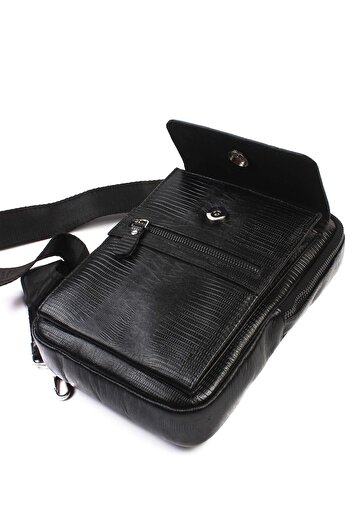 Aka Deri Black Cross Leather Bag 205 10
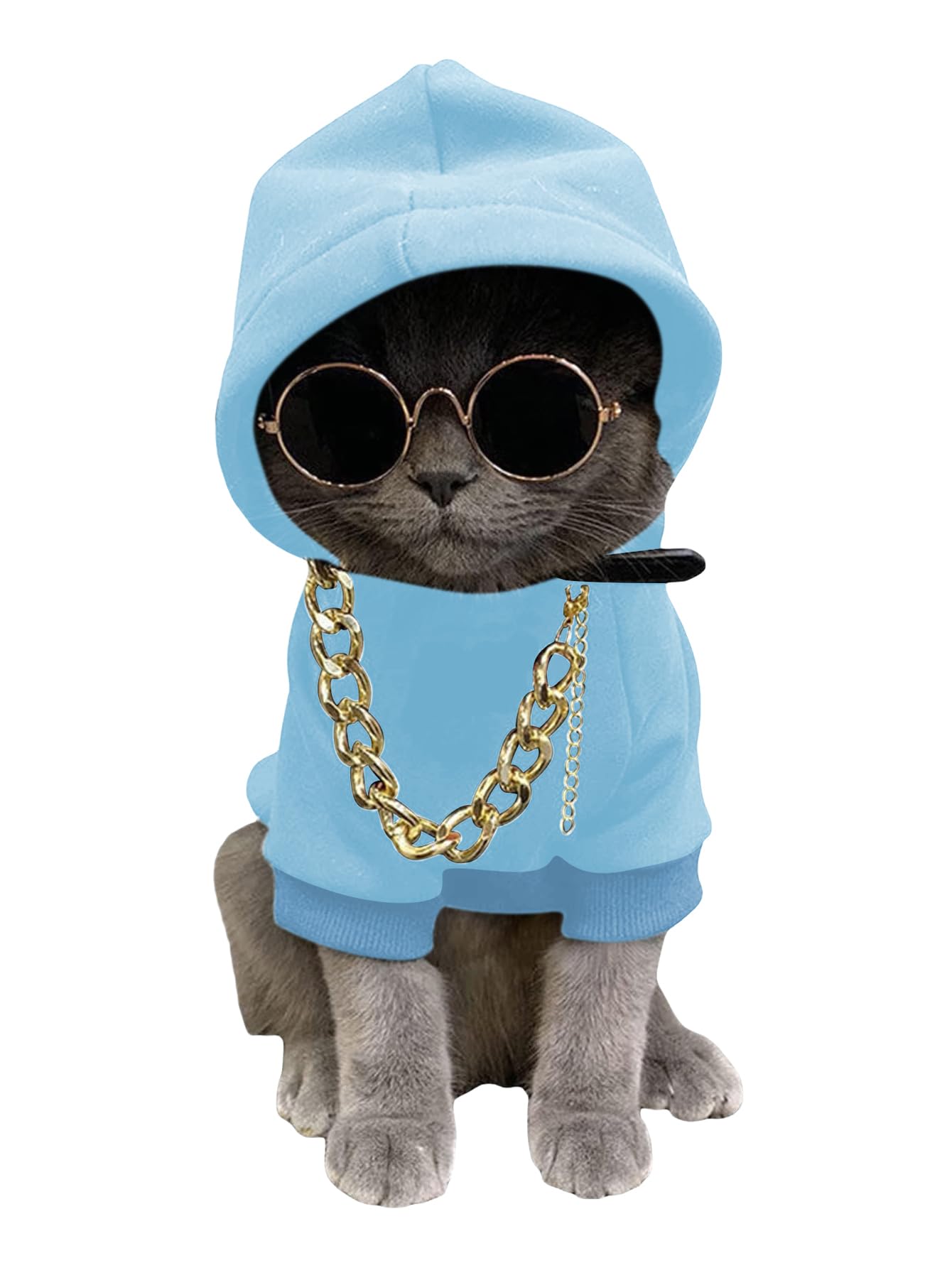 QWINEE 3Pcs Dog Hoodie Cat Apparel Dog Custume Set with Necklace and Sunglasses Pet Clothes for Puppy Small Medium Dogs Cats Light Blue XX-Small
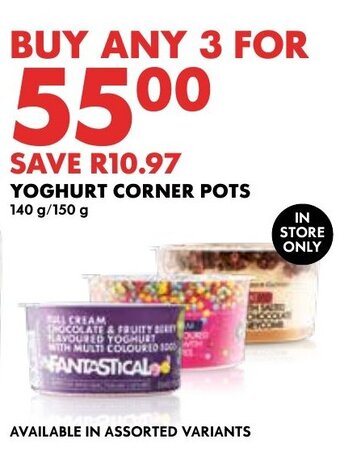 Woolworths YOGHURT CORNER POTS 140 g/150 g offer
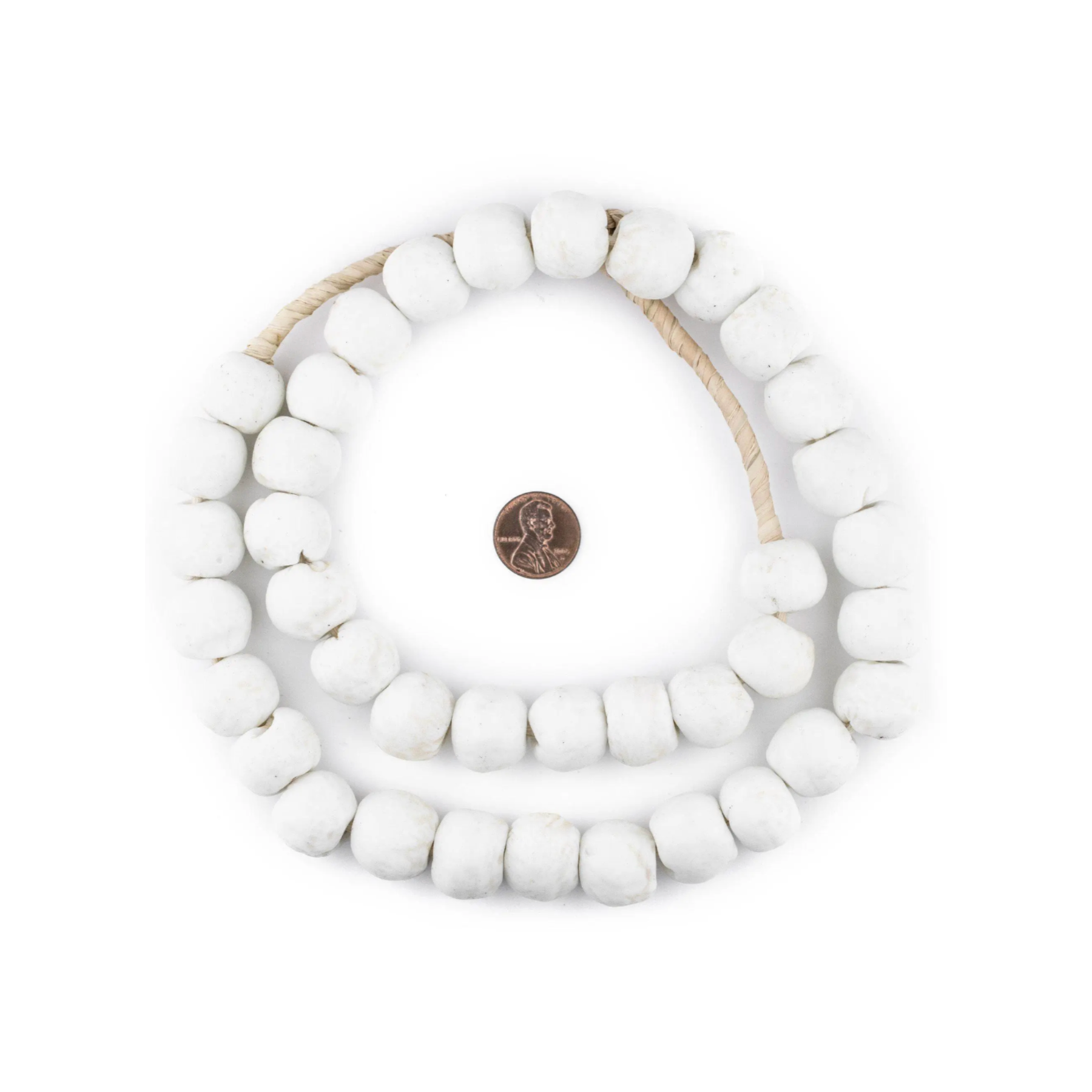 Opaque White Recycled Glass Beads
:::
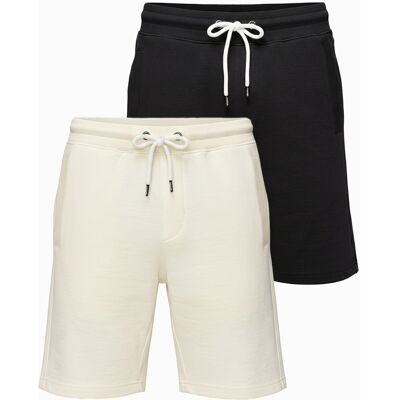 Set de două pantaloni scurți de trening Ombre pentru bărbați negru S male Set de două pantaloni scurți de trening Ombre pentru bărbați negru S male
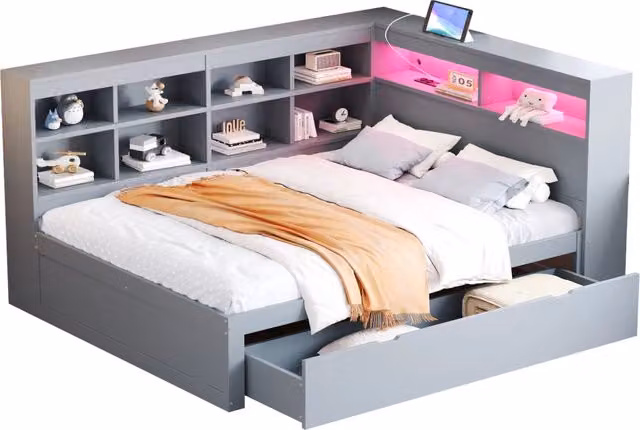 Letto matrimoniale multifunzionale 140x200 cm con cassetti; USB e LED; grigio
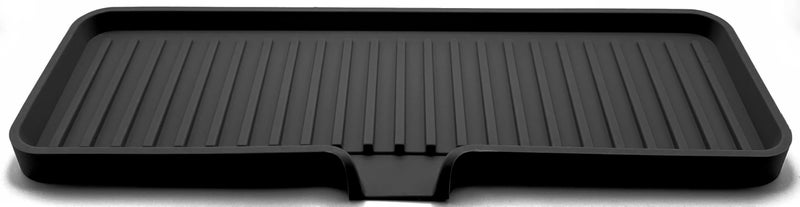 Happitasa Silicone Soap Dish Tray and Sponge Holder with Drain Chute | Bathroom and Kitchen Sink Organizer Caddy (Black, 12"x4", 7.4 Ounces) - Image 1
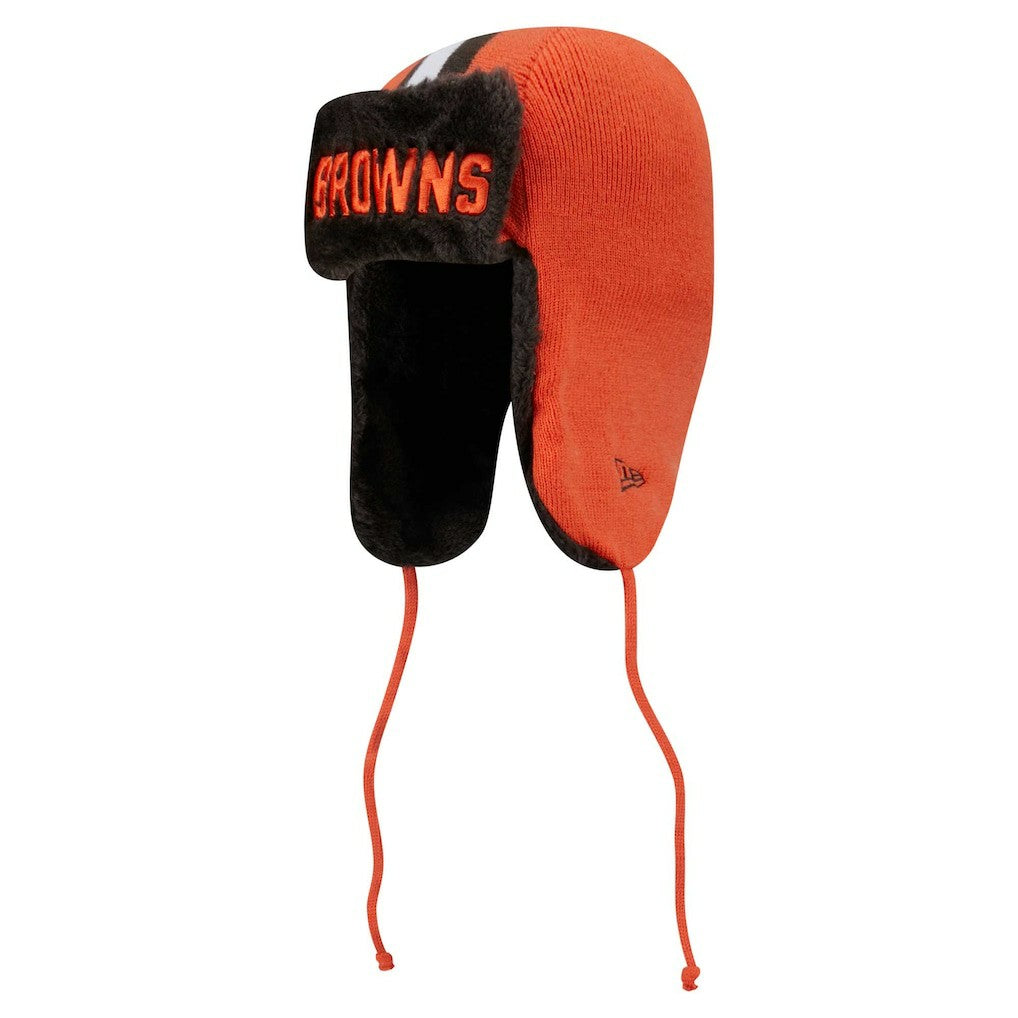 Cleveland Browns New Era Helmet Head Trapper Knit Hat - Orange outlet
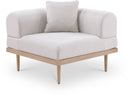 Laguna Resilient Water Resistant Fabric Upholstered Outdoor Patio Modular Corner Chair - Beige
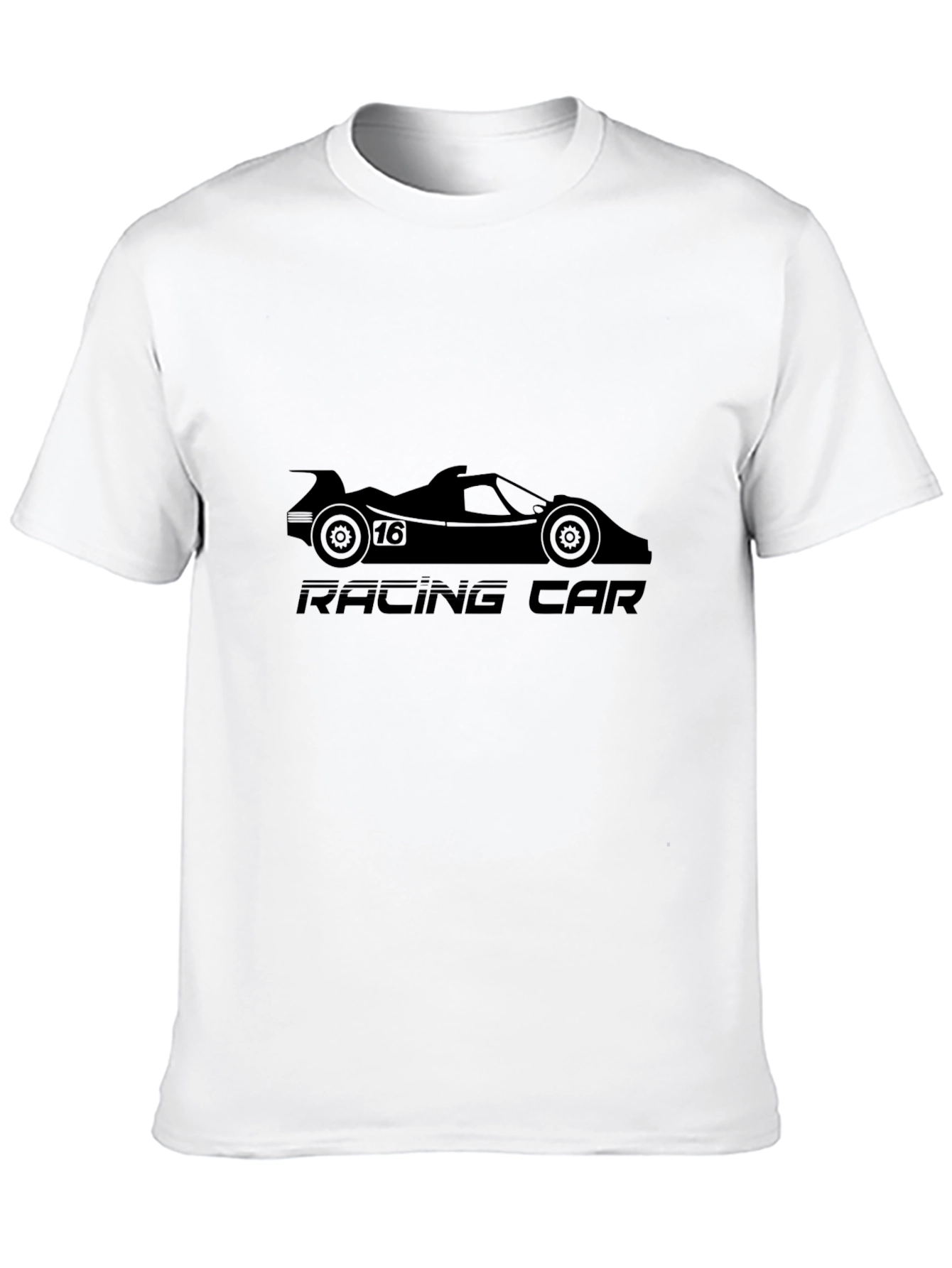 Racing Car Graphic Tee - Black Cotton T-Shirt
:::
- **Work to complete**
Copy only the lines above from the one containing "Aka Deri Black Cross Leather Bag 205 10" through the one containing "Opaque White Recycled Glass Beads", both included. Leave out the pictures.

- **Solution**
 Aka Deri Black Cross Leather Bag 205 10
 QWINEE 3Pcs Dog Hoodie Cat Apparel Dog Custume Set with Necklace and Sunglasses Pet Clothes for Puppy Small Medium Dogs Cats Light Blue XX-Small
 Woolworths YOGHURT CORNER POTS 140 g/150 g offer
 Opaque White Recycled Glass Beads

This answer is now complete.